Tesco Personal Finance is a relatively new company, offering a range of financial services from loans, to credit cards, and all manners of insurance. I worked in the loans division, taking potential customers through loan applications, answering questions, and also dealing with existing customers, whether it be changing their payment dates or paying off the remainder of their loan.
First off, I have to say that the staff are very well trained. We spent two weeks in full time training, which may not sound a lot, but when you remember that TPF only offer one kind of loan, that's really quite comprehensive. The higher levels of management are also very experienced - my team leader had been working within the Royal Bank of Scotland for 9 years (Tesco personal Finance is a Royal Bank company).
*So what do they offer?*
TPF only offer one kind of loan, and its at a fixed rate, so no matter how much interest rates fluctuate, you will always know exactly what you need to pay. The APR on TPF loans is really quite competitive, and while they may not be the very lowest in the market, they are looking to offer the very best service. A table of current expected loan repayments can be found at :
If you do see one of these tables and then contact TPF for a loan, be aware that the APR may have changed since those figures were published, and also that the APR is sometimes calculated depending on the customers personal circumstances. If you are in any doubt, you can phone TPF and ask the expected repayments before making any application.
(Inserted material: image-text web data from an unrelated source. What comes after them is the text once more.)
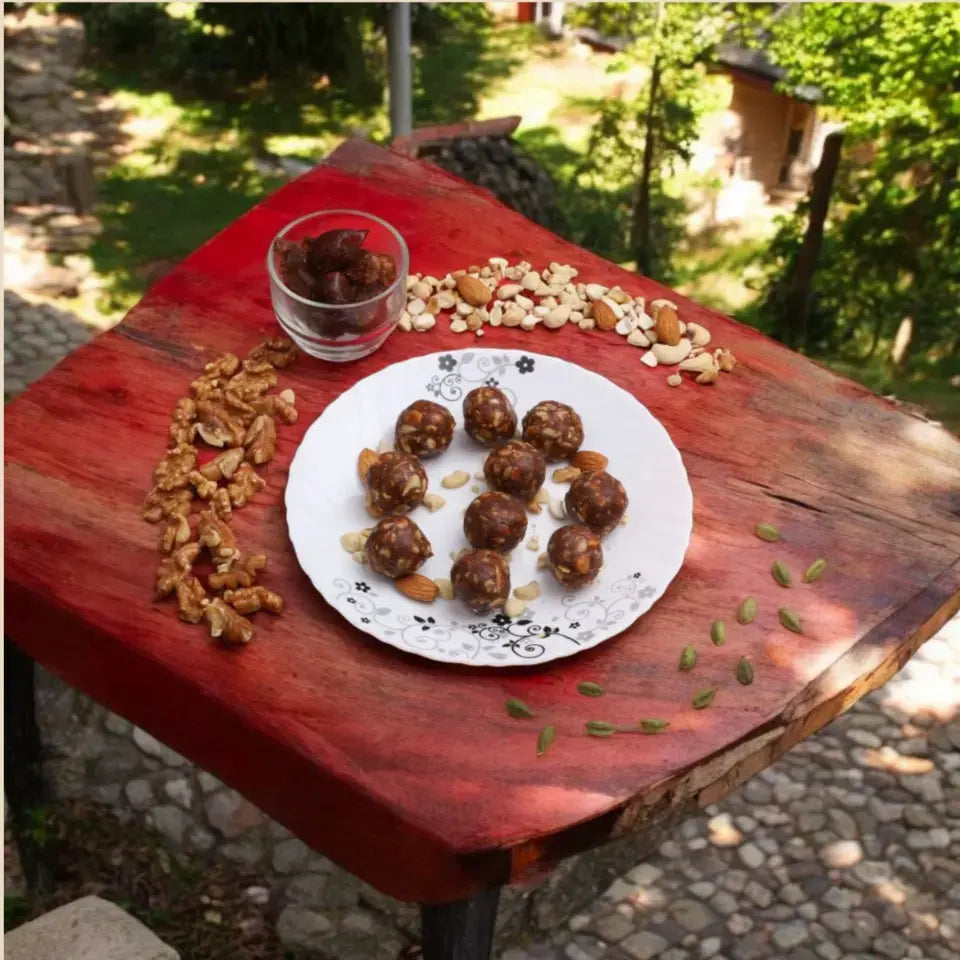 Dates and Dryfruits Laddu | Made with Dates, Raisins, Jaggery and Honey | No Refined White Sugar | Traditional Indian Sw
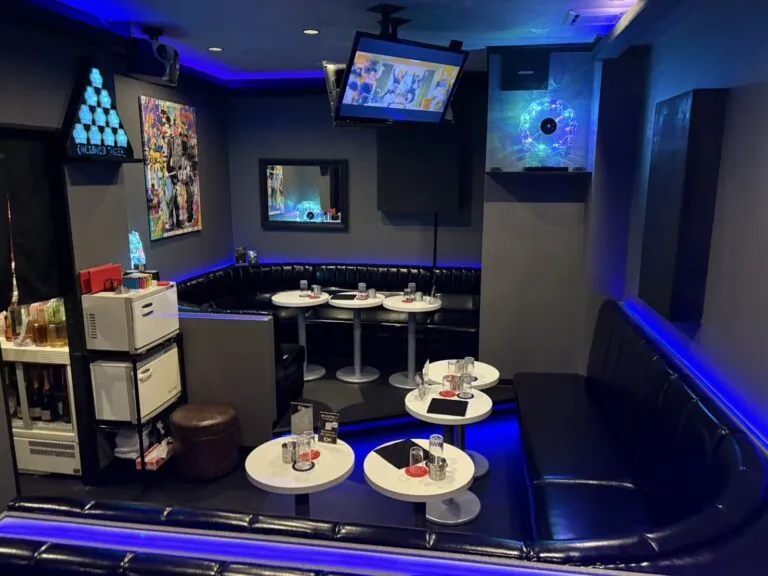 天 （テン）の店内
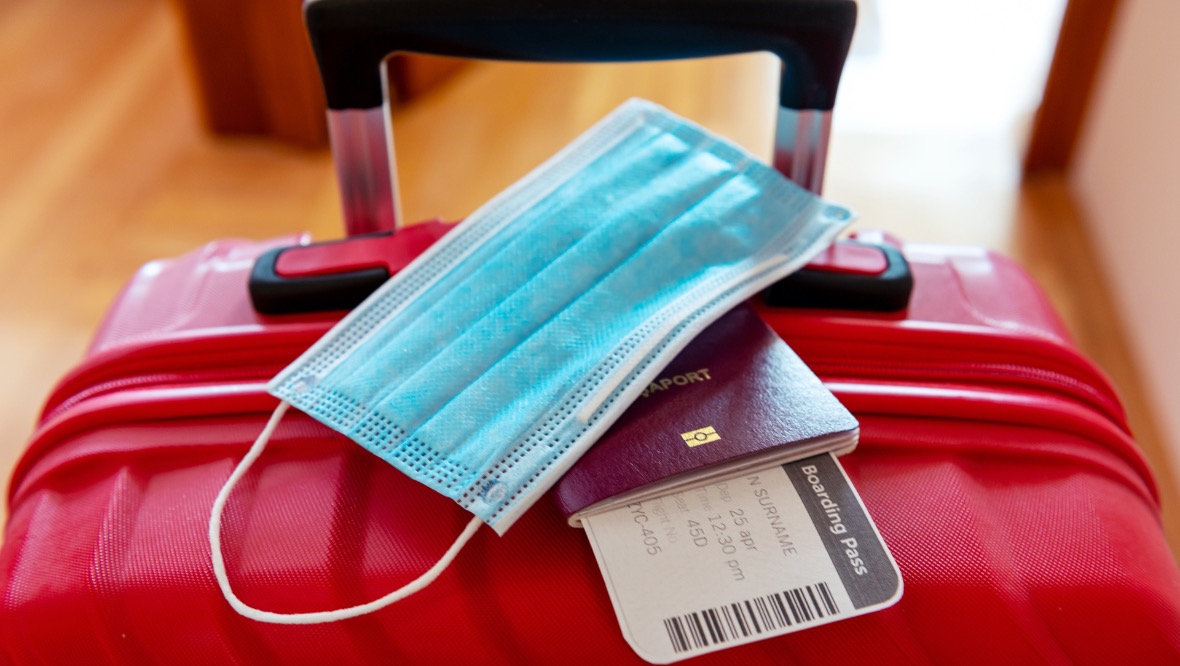 PCR testing for travellers ‘essential to track new variants’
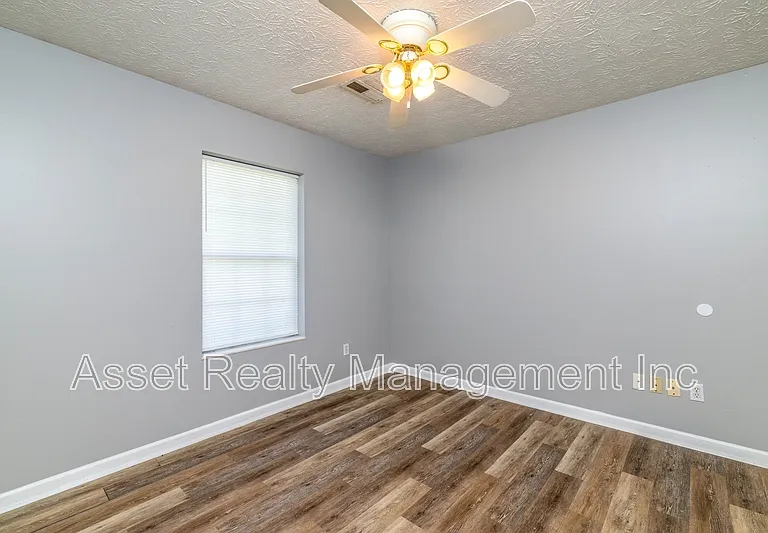 152 Red Bud Ln — Photo 15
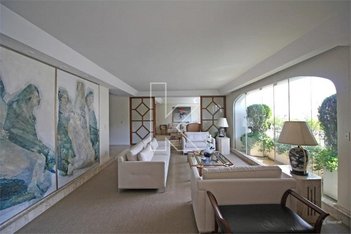 Apartamento em Alameda Franca, Jardim Paulista - São Paulo - undefined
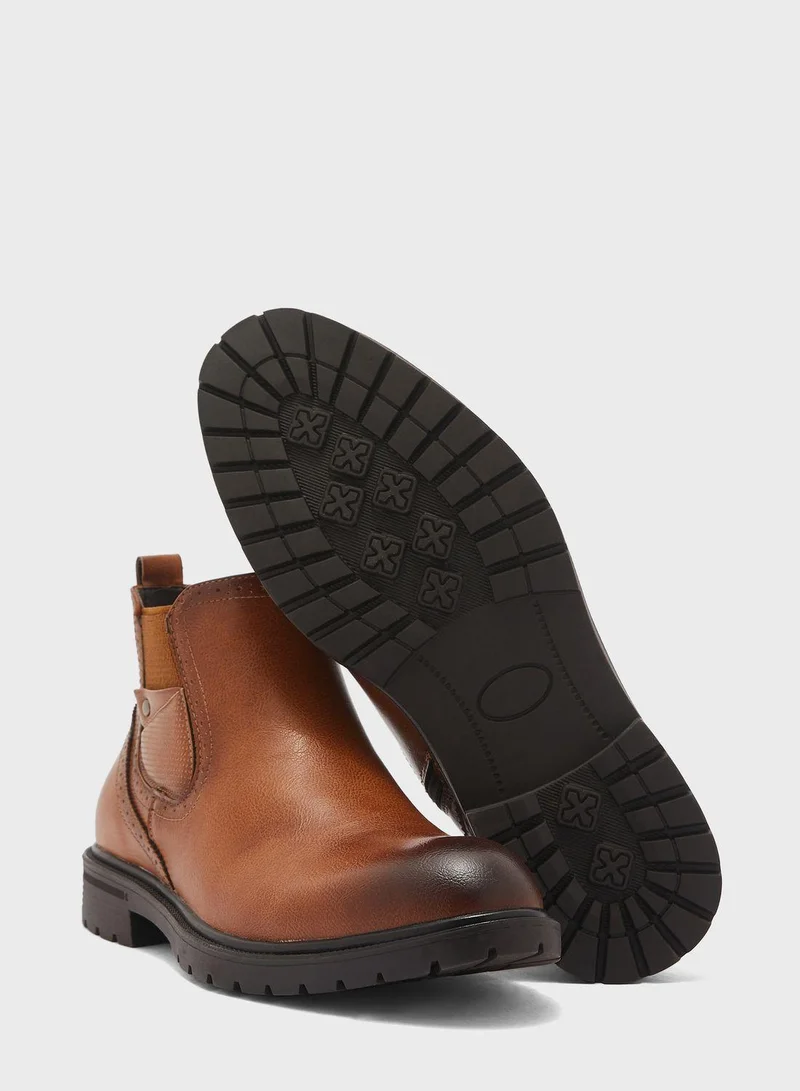 Robert Wood Pull On Boots
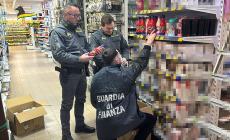 Sequestrati oltre 1300 prodotti non sicuri in un negozio cinese a Fidenza, multa al titolare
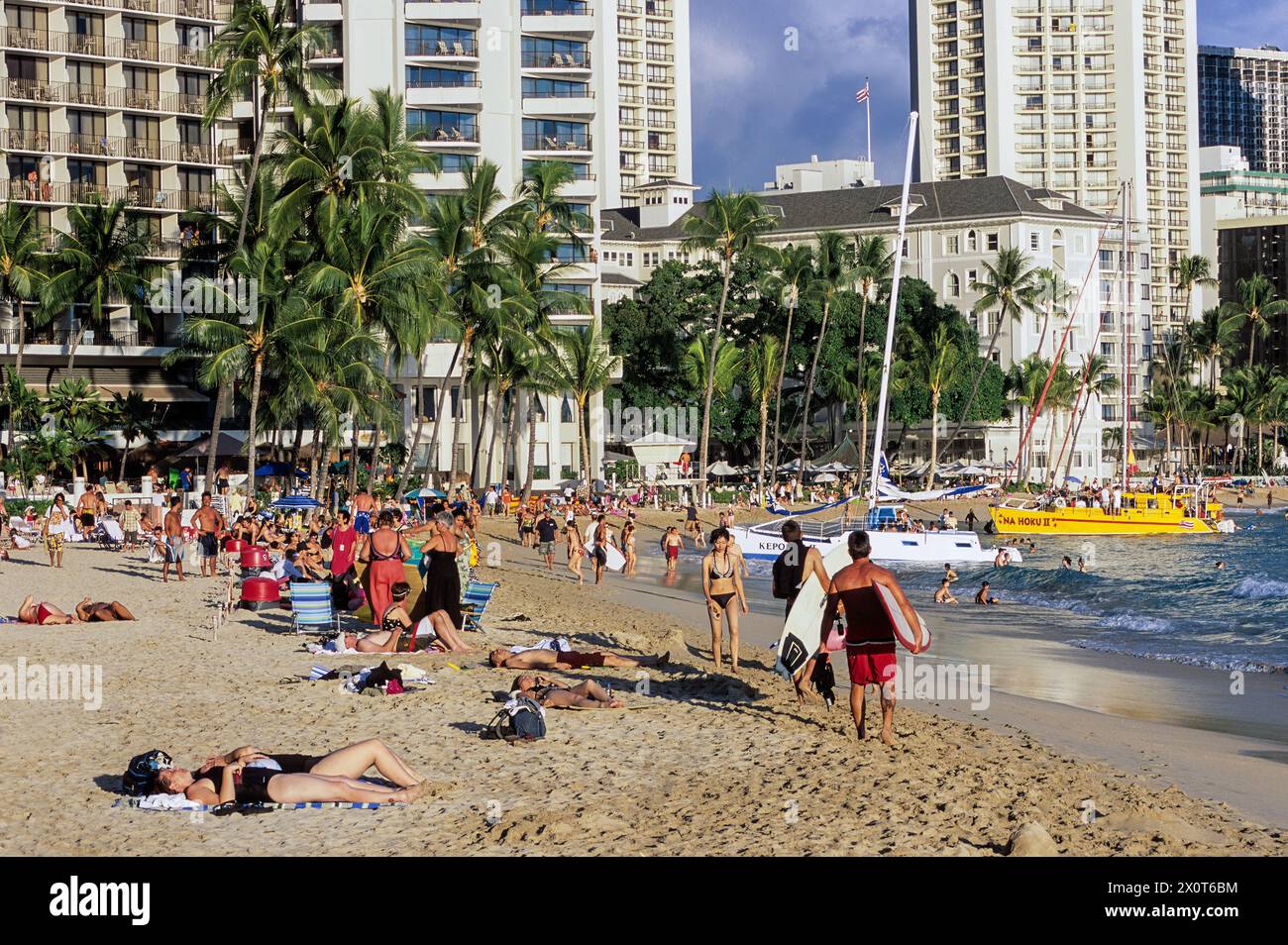 Oahu, Hawaii, Stati Uniti - bagnanti, nuotatori, Waikiki Beach, Honolulu. Foto Stock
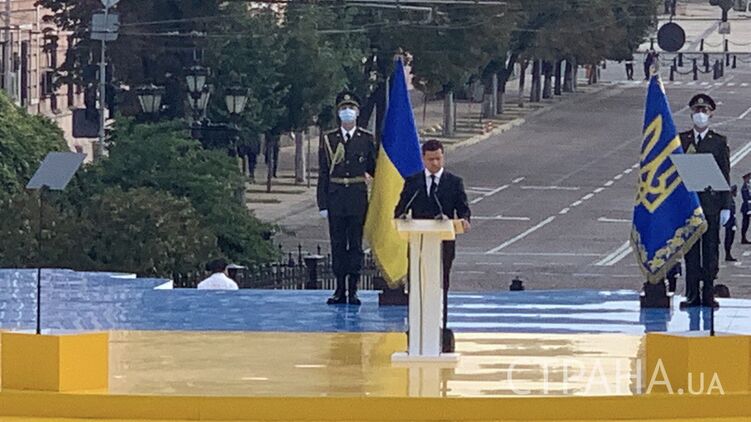Владимир Зеленский выступил с речь на Софиевской площади. Фото:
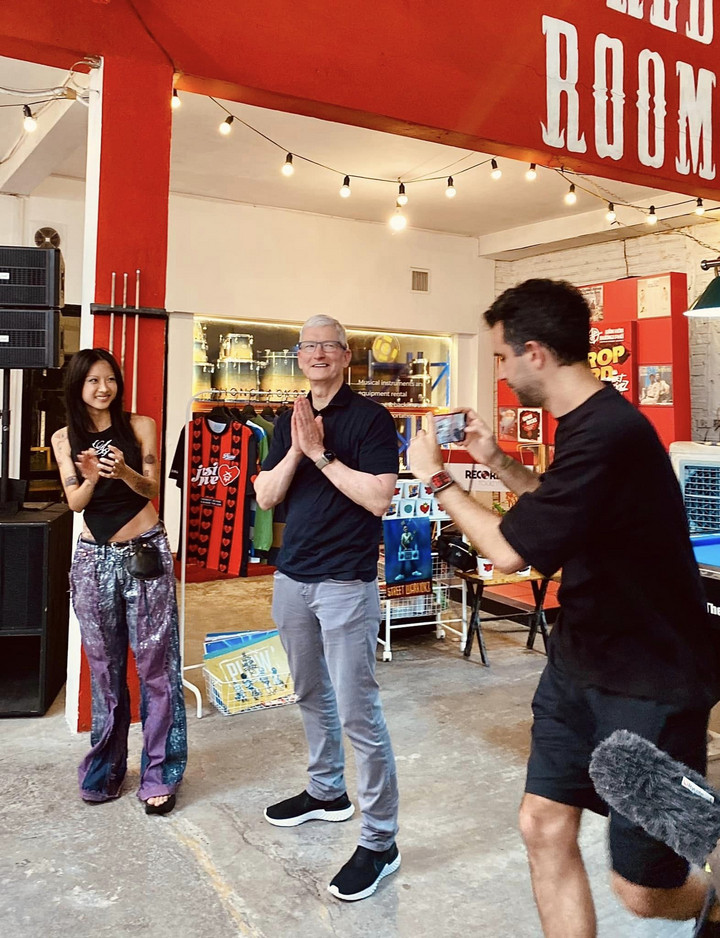 Ngày đầu tiên tại Việt Nam của ông khép lại bằng cuộc gặp biên đạo múa - vũ công VietMax và rapper Suboi. “Thật tuyệt vời khi được nhìn thấy văn hóa hiphop Việt Nam tràn đầy năng lượng”, CEO Apple viết trên X.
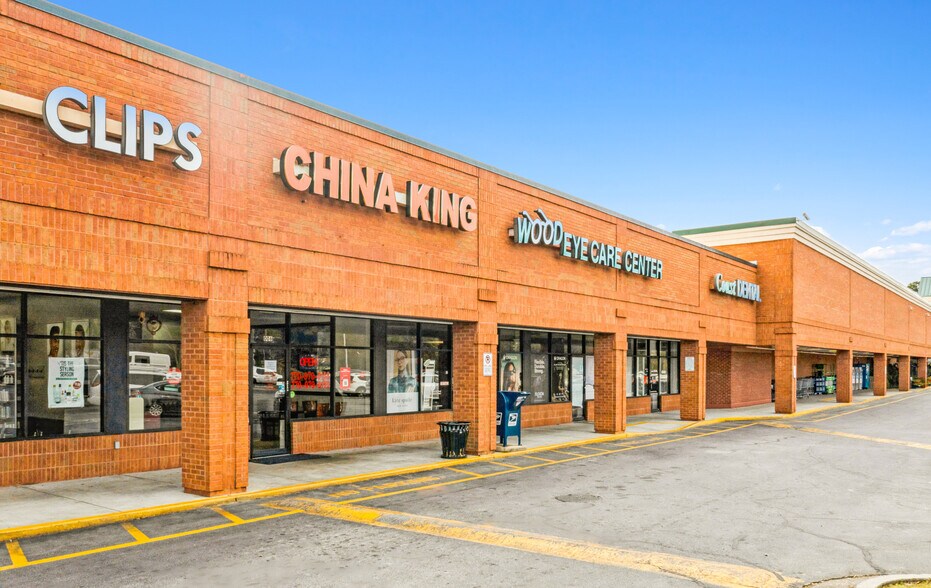 3050 Five Forks Trickum Rd SW, Lilburn, GA à louer - Photo du bâtiment - Image 3 de 7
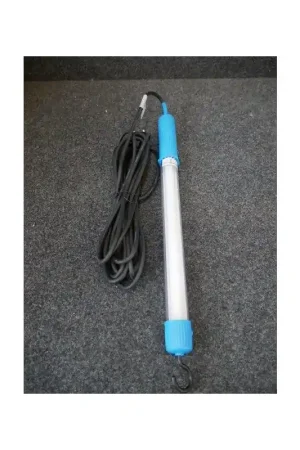 Prix Réduit Baladeuse fluo 8W filaire 230V avec tube T5 6500K et cable 5m H05RNF2x0.75 et crochet intérieur IP20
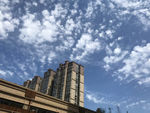 天空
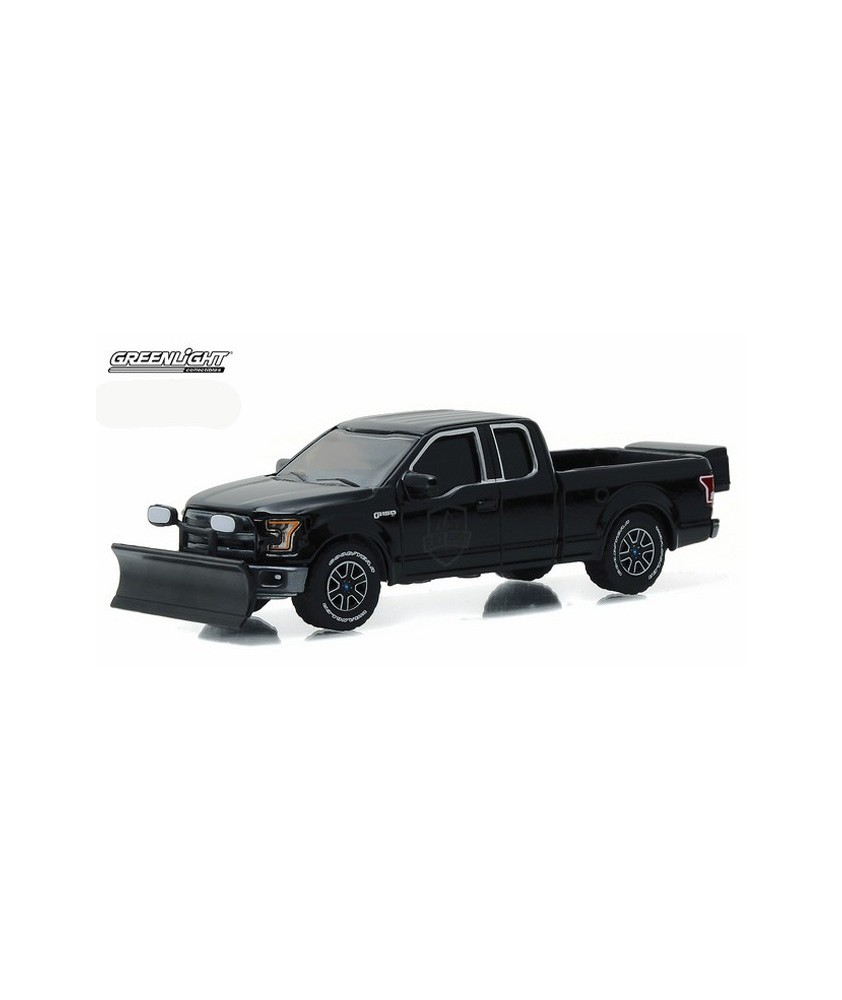 Greenlight Black Bandit Series 16 - 2015 Ford F-150 with Snow Plow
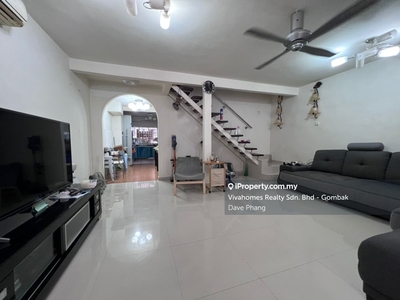 2 Storey Terrace Freehold Jalan F with extra parking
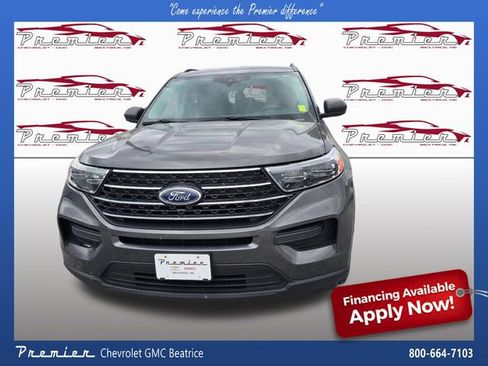 Used 2020 Ford Explorer XLT AWD/4WD image 2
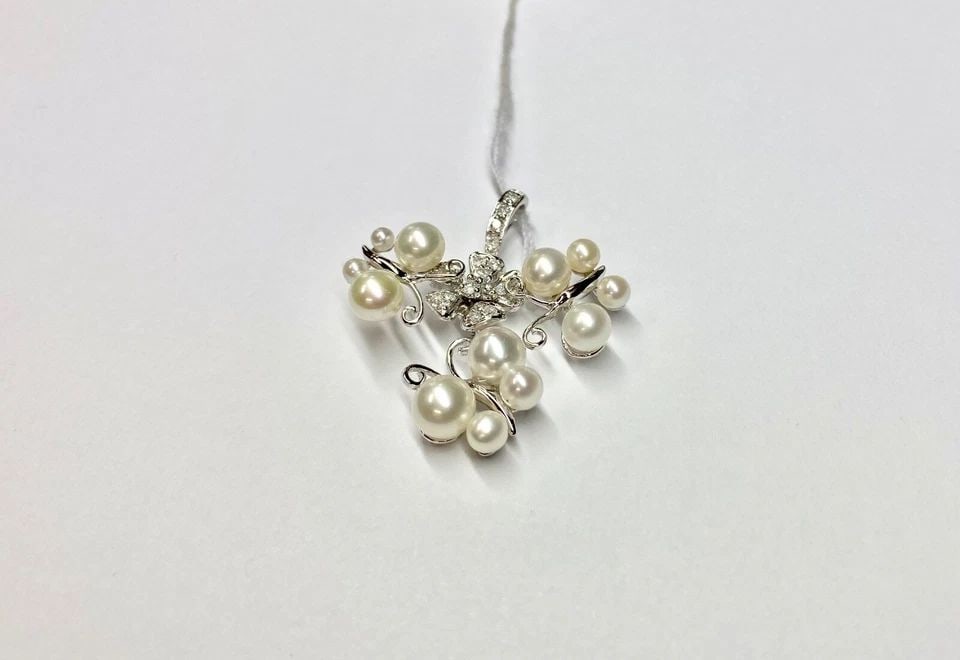18K WHITE GOLD PENDANT, 12 CULTURED PEARLS AND 0.21CT DIAMONDS ( 4.4 GRAMS ): WOMEN'S 18K WHITE GOLD PENDANT WITH 9 NATURAL PEARLS AND 0.21CT DIAMONDS NEW Women's 18k White Gold Pendant with 9 Natural Pearls and 0.21CT Diamonds You are bidding on a new with defects Women's 18k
Payment protection is optional on any loan taken out, and although it does cost more, I would really advise people to get it. It is truly heartbreaking having to take calls from people who thought they would never need it and now find themselves in a position where they are unable to pay the loan. I'm sure there are many people who will never need it, but I personally always stick to my philosophy of 'better safe than sorry'. The protection cover you against illness, death, and losing your job, and any advisor will be happy to give you further details on how each circumstance is specifically covered.
*How much can I borrow?*
The minimum amount you can borrow is £2000, with the maximum being £25,000. Loans can be taken out for any purpose, be it buying a new car, adding a conservatory, going away on holiday or consolidating all your debts (overdrafts, credit cards etc), although loans over £15,000 do have some restrictions.
*Who can apply?*
This is a hard question to answer, as there is a long list of basic requirements, and lots of exclusions to that list too. But I can give you a basic idea. You will need some kind of income, and you should be working over 16 hours a week. People living off pensions may apply, self-employed people will need to have been in their business for a minimum of 2 or 3 years. Students, unemployed etc are not eligible for a loan. You must also be over 18 (yes, I have had 16 year olds who wanted loans). If you are in any doubt, phone up, giving your personal circumstances, and they'll be able to tell you :)
*How do I apply?*
There are three ways to apply for a loan - over the phone, over the internet, or a postal application.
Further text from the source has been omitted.